Task statement - Print each entry precisely; exclude the pictures.

(Pictures with short captions)

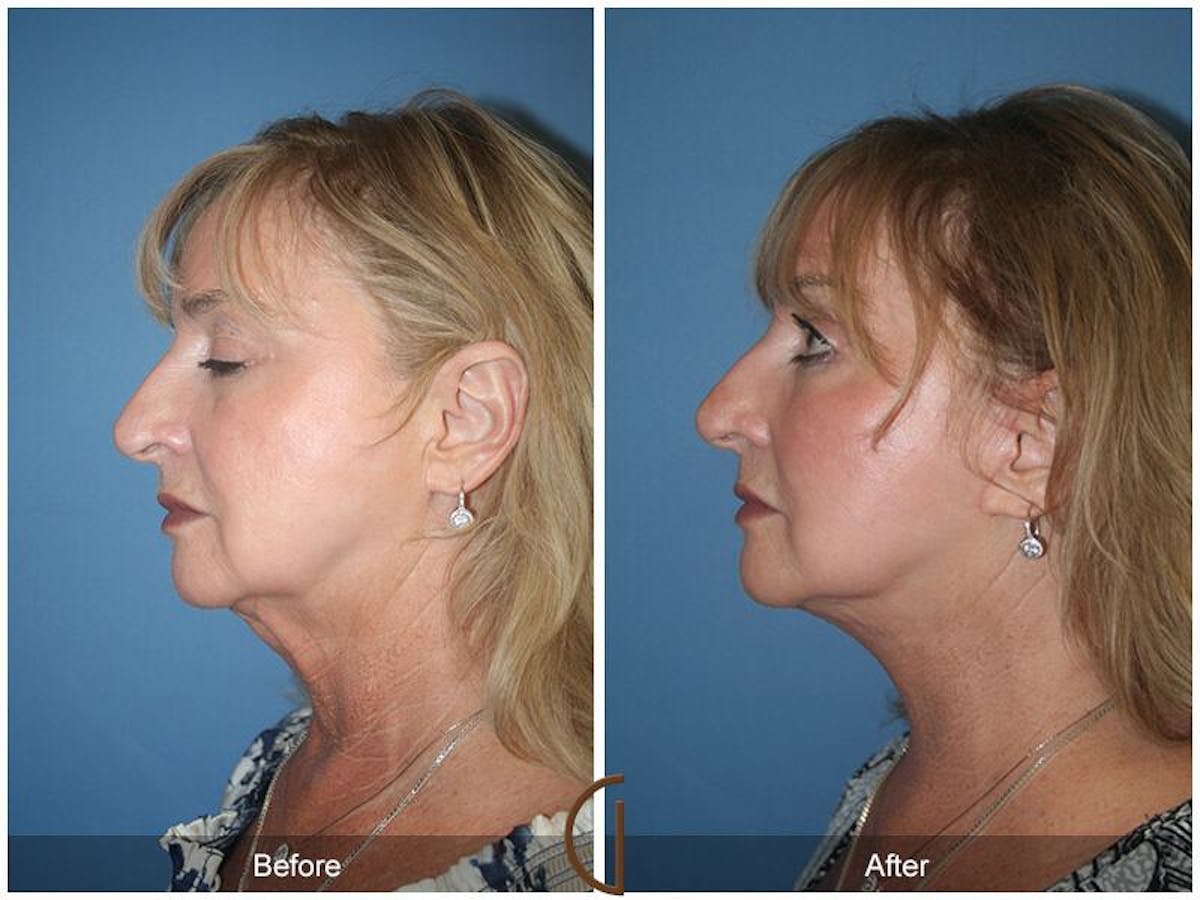 Facelift 60s Before & After Gallery - Patient 208206 - Image 1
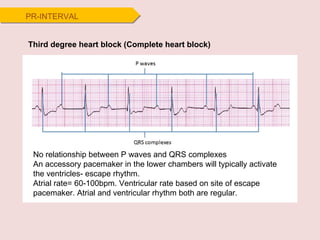 Third degree heart block (Complete heart block) No relationship between P waves and QRS complexes An accessory pacemaker in the lower chambers will typically activate the ventricles- escape rhythm. Atrial rate= 60-100bpm. Ventricular rate based on site of escape pacemaker. Atrial and ventricular rhythm both are regular. PR-INTERVAL 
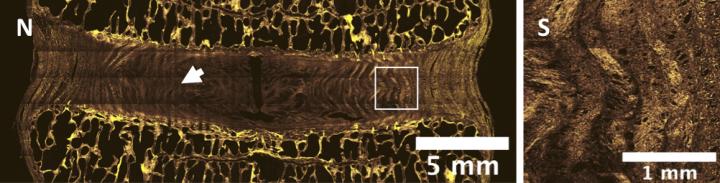 Combined Tissue Engineering Provides New Hope for Spinal Disc Herniations (1 of 2)
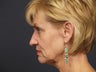 57 year old with facial aging. 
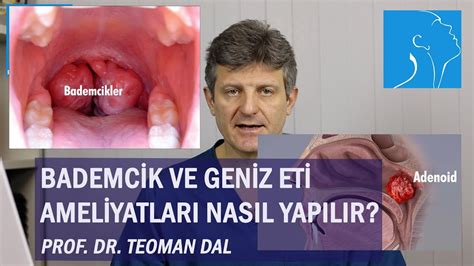 BADEMCİK VE GENİZ ETİ AMELİYATLARI NASIL YAPILIR PROF DR TEOMAN DAL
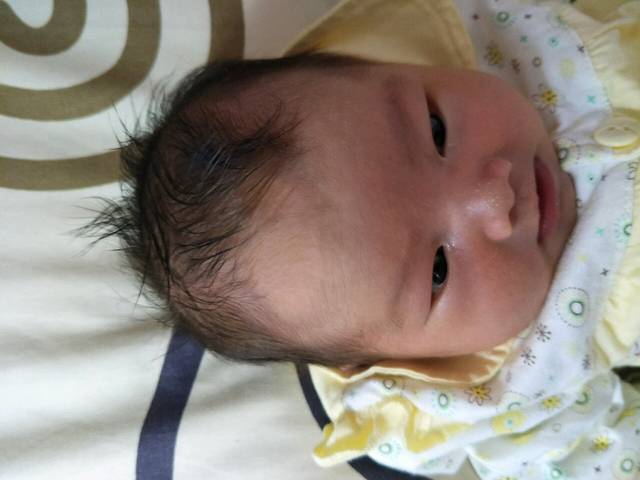 急,宝宝额头处头发颜色不一样,长出来的是金黄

Solution to the exercise -
 Facelift 60s Before & After Gallery - Patient 208206 - Image 1
 Third degree heart block (Complete heart block) No relationship between P waves and QRS complexes An accessory pacemaker in the lower chambers will typically activate the ventricles- escape rhythm. Atrial rate= 60-100bpm. Ventricular rate based on site of escape pacemaker. Atrial and ventricular rhythm both are regular. PR-INTERVAL 
 Combined Tissue Engineering Provides New Hope for Spinal Disc Herniations (1 of 2)
 57 year old with facial aging. 
 BADEMCİK VE GENİZ ETİ AMELİYATLARI NASIL YAPILIR PROF DR TEOMAN DAL
 急,宝宝额头处头发颜色不一样,长出来的是金黄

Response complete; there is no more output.